Un plan integrado y nueva comisión para Estados Unidos
Al hablar del Plan Operativo 2026–2027, señaló que nació del trabajo conjunto de seis frentes de acción: incidencia, servicios pastorales, formación, comunicación, lucha contra la trata y una nueva comisión de articulación con Estados Unidos.
La coordinación de esta última instancia recaerá en la hermana Leticia Valderrama, quien desarrolla su labor en El Paso acompañando a personas detenidas y en trámites judiciales, además de facilitar la conexión con sus países de procedencia y sus familiares. Explicó que cada comisión deberá operar de forma interconectada, con mecanismos de coordinación interna, para evitar acciones aisladas y mejorar la eficiencia pastoral.
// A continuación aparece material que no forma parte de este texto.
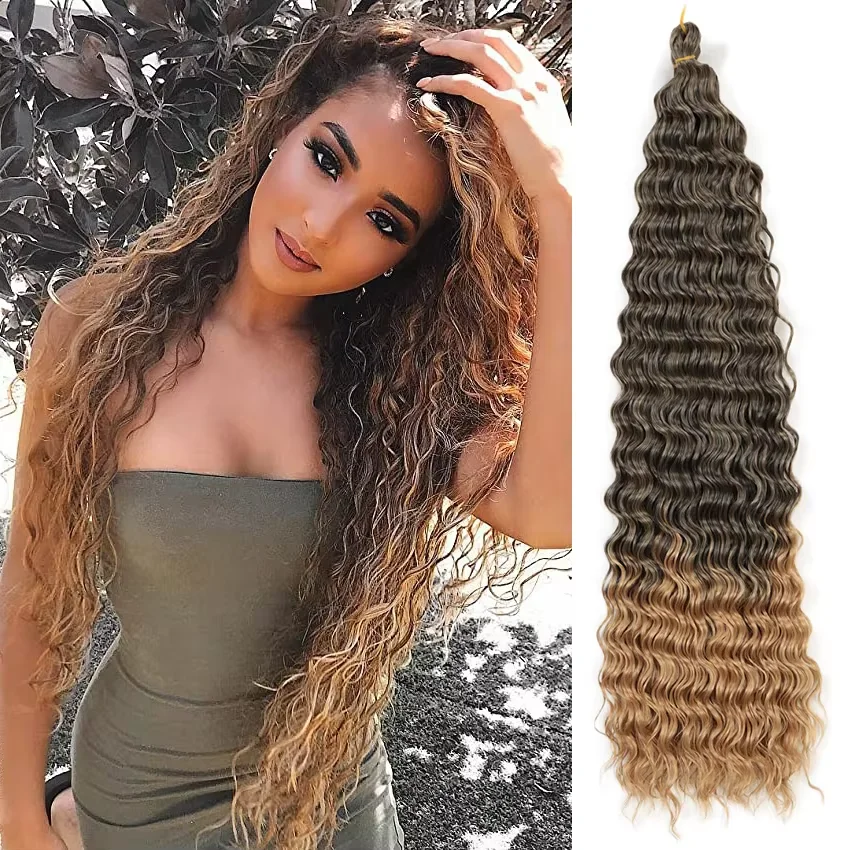 28inch Deep Wave Crochet Braiding Hair Synthetic Pre-Loose Extensions Afro Deep Water Curls Twist For Weaving Braids Hair Party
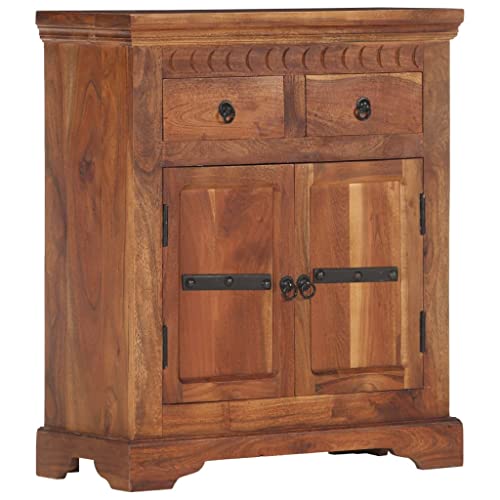 Rustic Sideboard Solid Acacia Wood Brown Two Doors Two Drawers 24.8"x11.8"x29.5" L3659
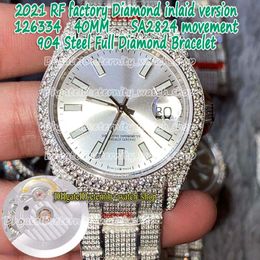 eternity 2021 RFF Diamond inlaid version 126334 126333 Silvery Dial SA2824 Automatic 116334 Mens Watch 904L Steel Iced Out Diamonds Wat 228V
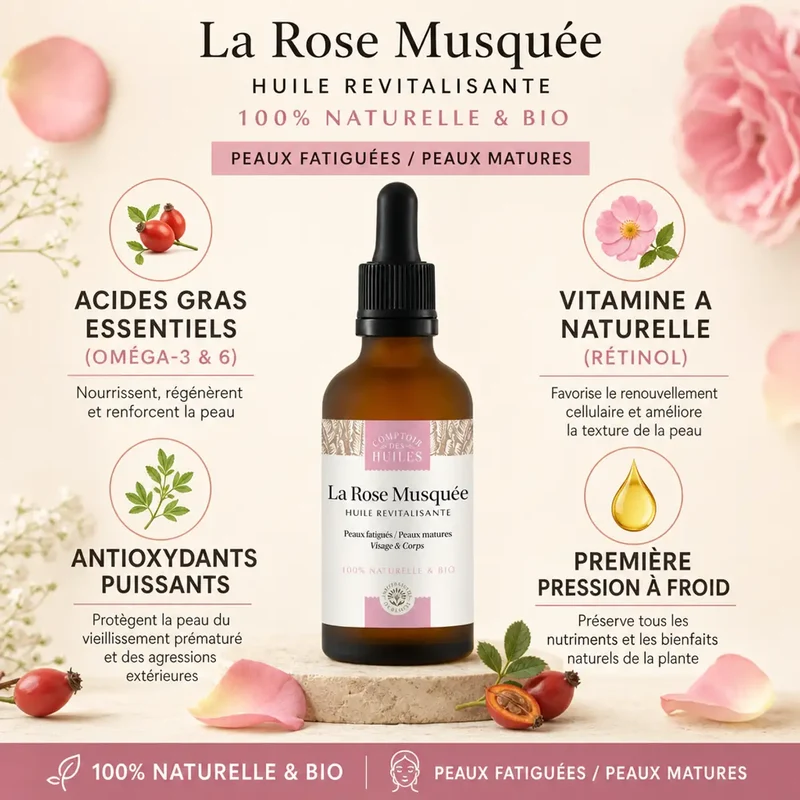 Huile de Rose Musquée Bio - Revitalisante - 50ml - Comptoir des huiles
Participación amplia y protagonismo migrante
A este encuentro de la Red Clamor realizada en Bogotá del 26 al 30 de enero, participaron 25 delegados del equipo animador ampliado, procedentes de 11 países. Además de coordinadores de áreas, asistieron representantes de redes nacionales y personas migrantes, en coherencia con el principio: nada sobre migrantes sin migrantes.
Finalmente, Monzant subrayó que esta representación, asegura que el plan regional no sea solo técnico, sino profundamente enraizado en la experiencia real de quienes viven la movilidad forzada en el continente.